=== REQUIREMENT ===
Please give all of the data again, character for character, and drop the pictures.

=== ENTRIES PROVIDED ===
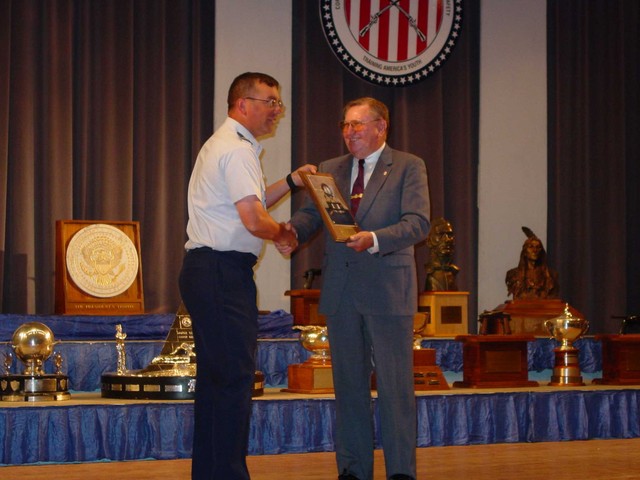 Maj Dave McCormick receiving the Spaatz Award from Mr. Bill Blankenshp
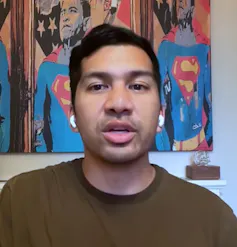 A young dark-haired man in a khaki jumper speaking to the camera.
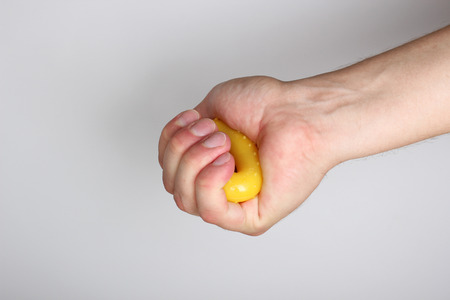 expander in hand on a light backgroundの写真素材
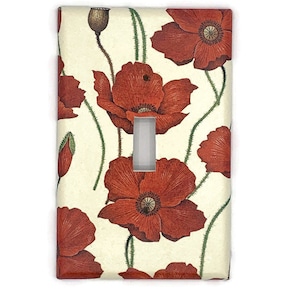 May include: A white light switch cover with a red poppy floral pattern. The switch cover is rectangular and has a single switch opening.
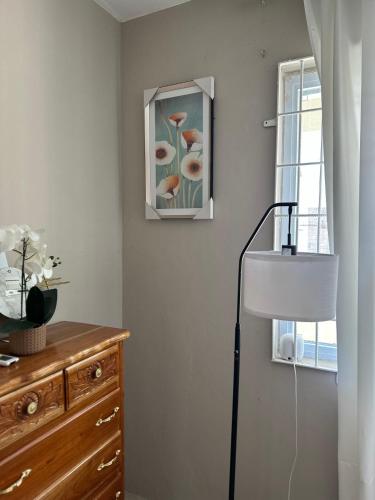 a room with a lamp and a dresser and a window at The Shelton - Sinclair in Montego Bay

=== PROBLEM SOLUTION ===
 Maj Dave McCormick receiving the Spaatz Award from Mr. Bill Blankenshp
 A young dark-haired man in a khaki jumper speaking to the camera.
 expander in hand on a light backgroundの写真素材
 May include: A white light switch cover with a red poppy floral pattern. The switch cover is rectangular and has a single switch opening.
 a room with a lamp and a dresser and a window at The Shelton - Sinclair in Montego Bay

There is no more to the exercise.